Dialogue with a prof... and a classmate...

comments received are in light blue:
I would argue that the escalator is not a synthetic stair, but the exact opposite - it removes the stair completely (if the stair is more than simply getting from point a to point b).


A synthetic limb is placed where a limb was removed completely, no?

It also does not create a synesthetic experience. What aspect of the stair are you looking at?

The stair does not represent a synthetic experience. The stair has always been an element on which, in general, you must pay some measure of attention to your footing. In the escalator came a new experience... 15 seconds in a shopper's life where he could/should now stop and look around because technology is watching his footing for him. The escalator constitutes a synthesized experience because it is a moment in life that would not occur without the intervention of man (created) and because it finds its components in the aether of past inventions. In other words, it is the coming together of pieces to accomplish the task of its conceptual beginning: the stair.
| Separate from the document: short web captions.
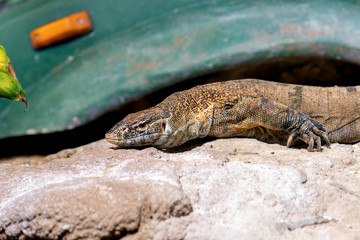 A bearded dragon lies on the stone in front of an old car, close-up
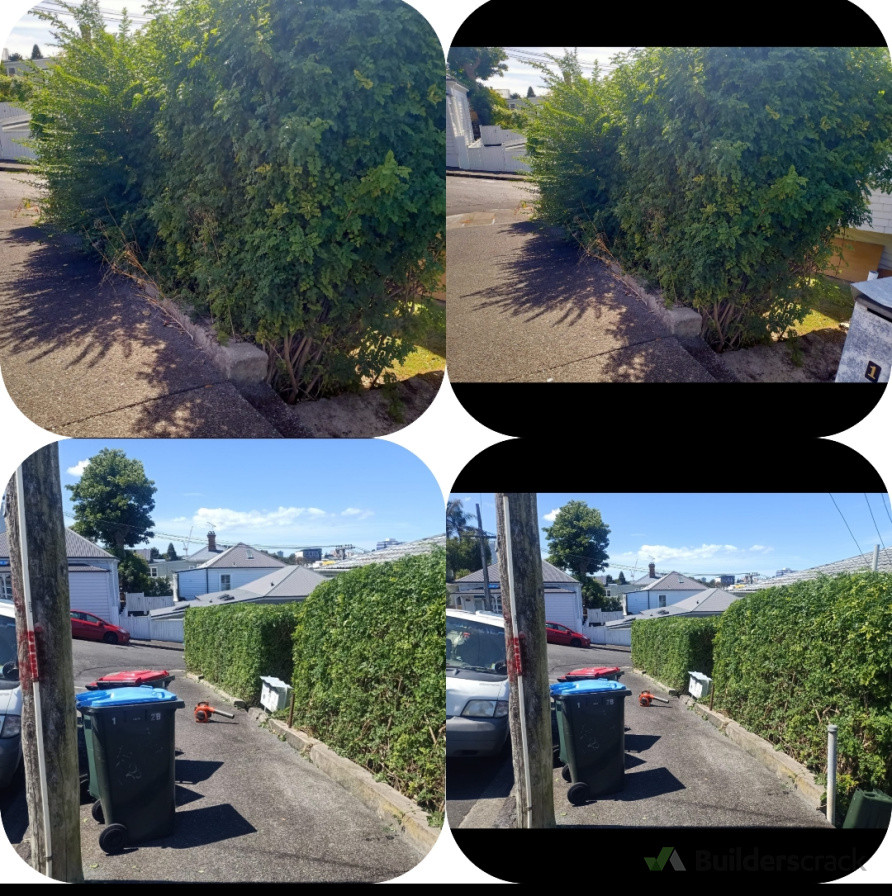 Hedges trimming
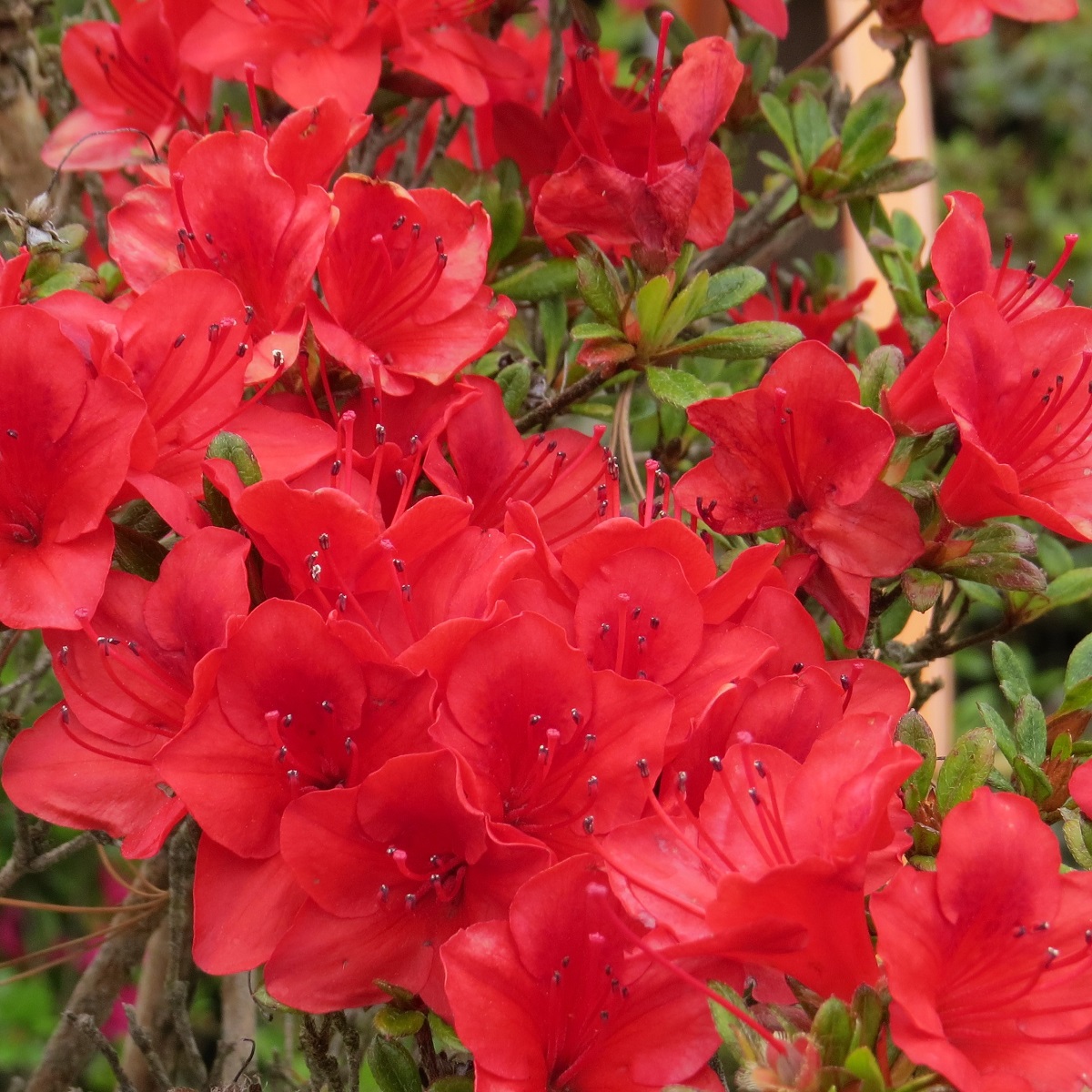 Rhododendron obtusum Estrella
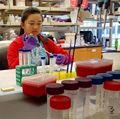 Careers in cancer: Apply now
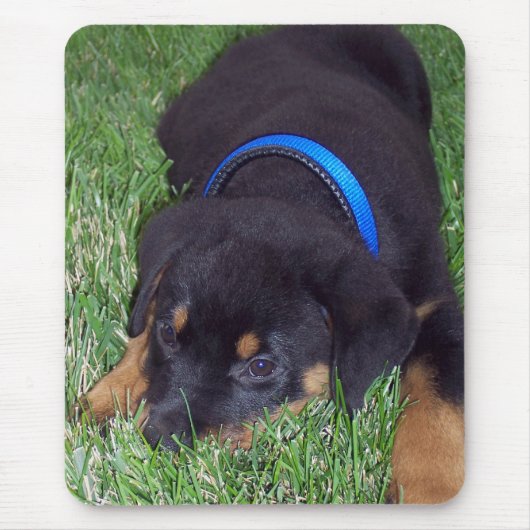 Rottweiler pus. mousepad (Vorne)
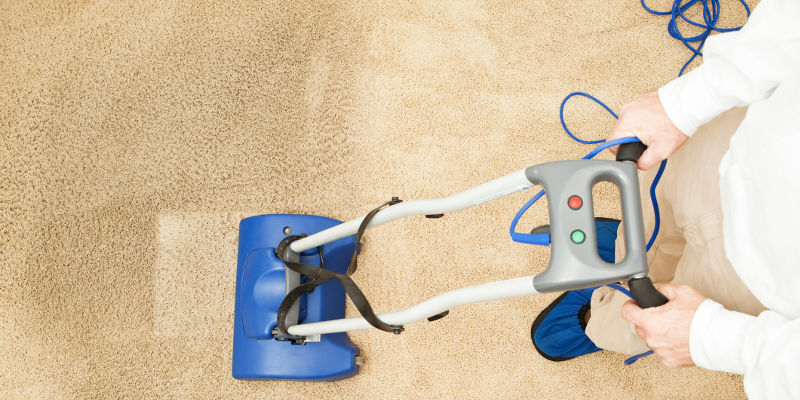 Residential Carpet Cleaning in Doctor Phillips, Florida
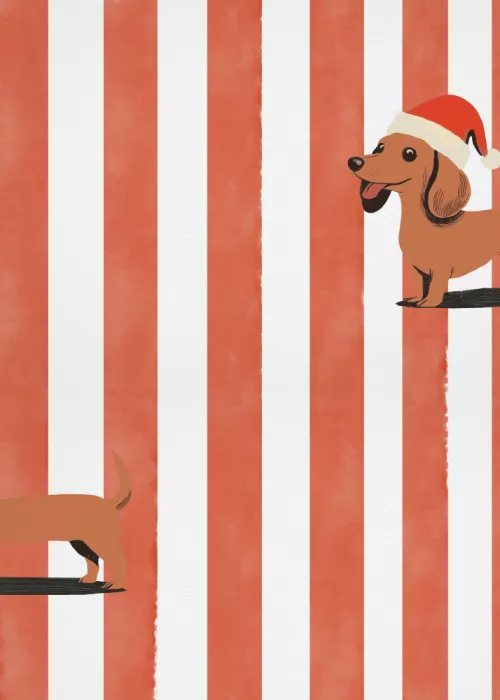 Studio, Pictufy: Dachshund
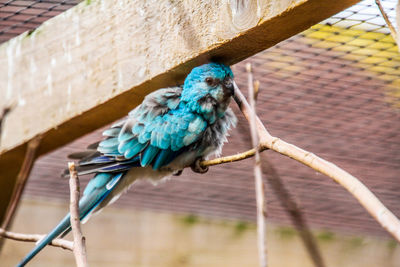 Low angle view of parrot perching on branch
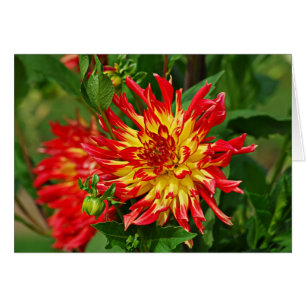 DES Plantes-5 de Jardin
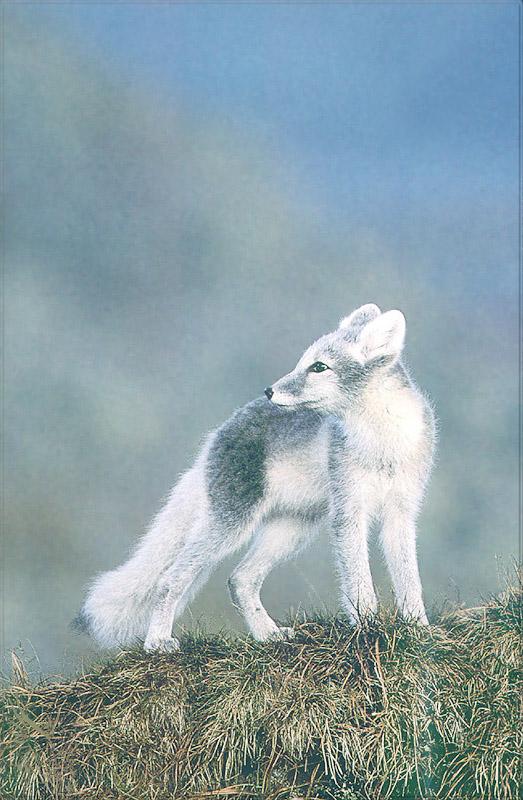 pr-jb077 Arctic fox.jpg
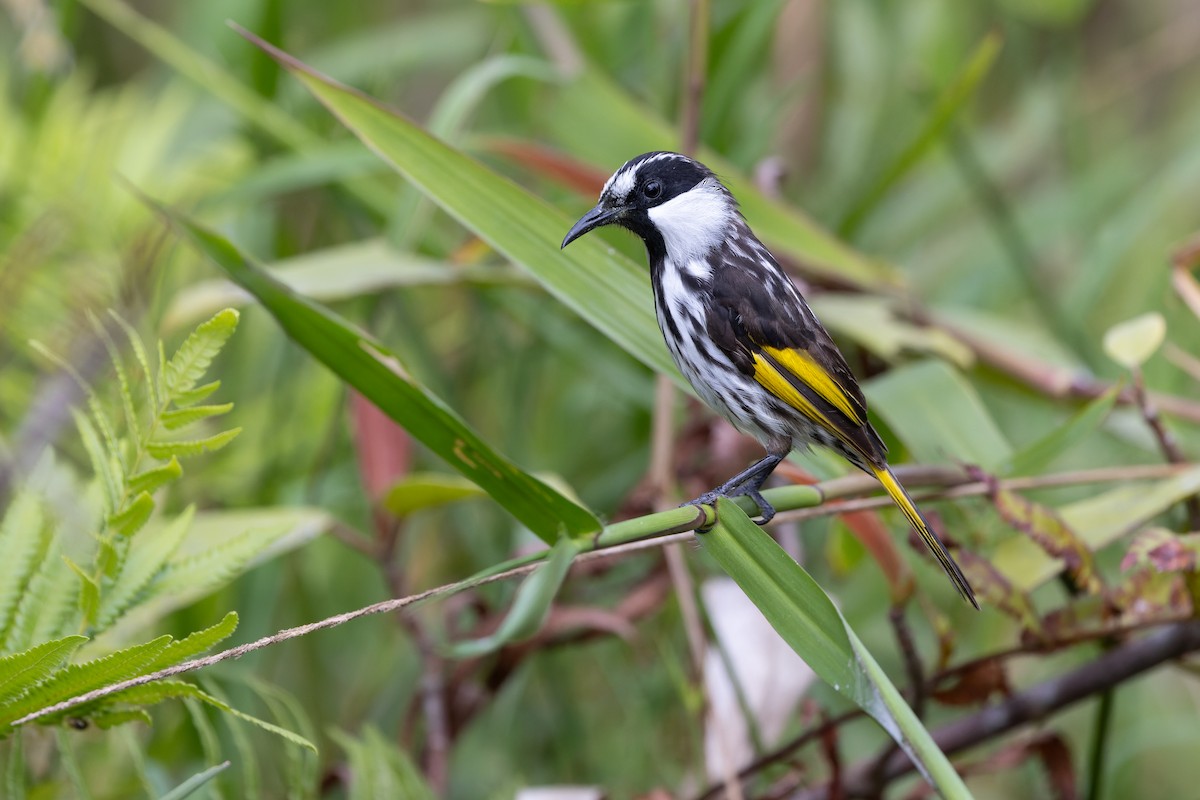 White-cheeked Honeyeater - ML642300052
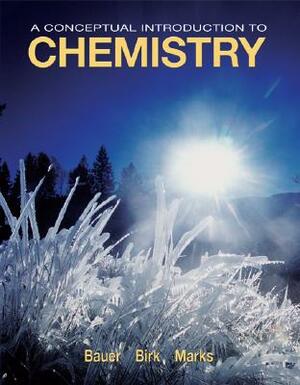 A Conceptual Introduction to Chemistry by Pamela S. Marks, Rich Bauer, James Birk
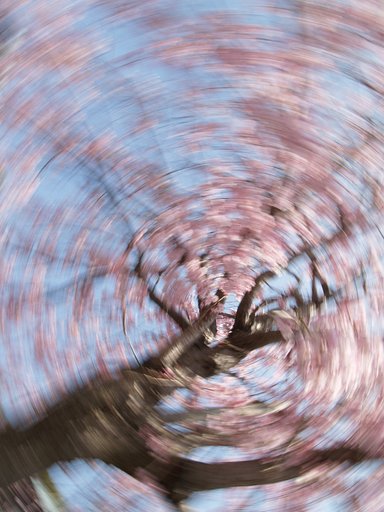 ぐるぐる桜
The stair is a precarious event in architecture, it is not a ladder and it is not a ramp. It sits in between. There are many beautiful changes in the history of the stair that would be worth investigating in that regard.

There are, indeed, many interesting occurrances of the stair in architectural history. However, I feel that the only important aspect of the stair to my design project right now is that it is a measure of human scale and movement. I can't use everything so I might as well stop once I have my head around something good.

From David Reed I take this concept as a central one: that through architecture I can create indications of human movement and activity.
From the material synthetics I take this: the concept of creating an assemblage of pieces to accomplish the task of an Other object.
From the stair element I take this: movement between two points accomplished by an object assemblage. It is the stair which shows the movement called for by David Reed. It is the stair that will be synthesized and its task accomplished by a conceived element.


So-- forgive my naivite-- but from the idea of the stair to the elevator you realized that in a sense, this was a synthetic jump? Is this synthetic jump in the philosophical sense of the word-- where you the second part of your conlusion-- the elevator-- is "synthetic" because it pulls the ideas of the earlier concept of the "stair"?


I'm not sure what you're asking but the elevator is a synthesized version of the escalator which is a synthesized version of the stair. The elevator (for lack of a better term) that I have conceived uses an assemblage of other things to take the place of the escalator just like synthetic fibres are polymers in assemblage intended to take the palce of other cloths.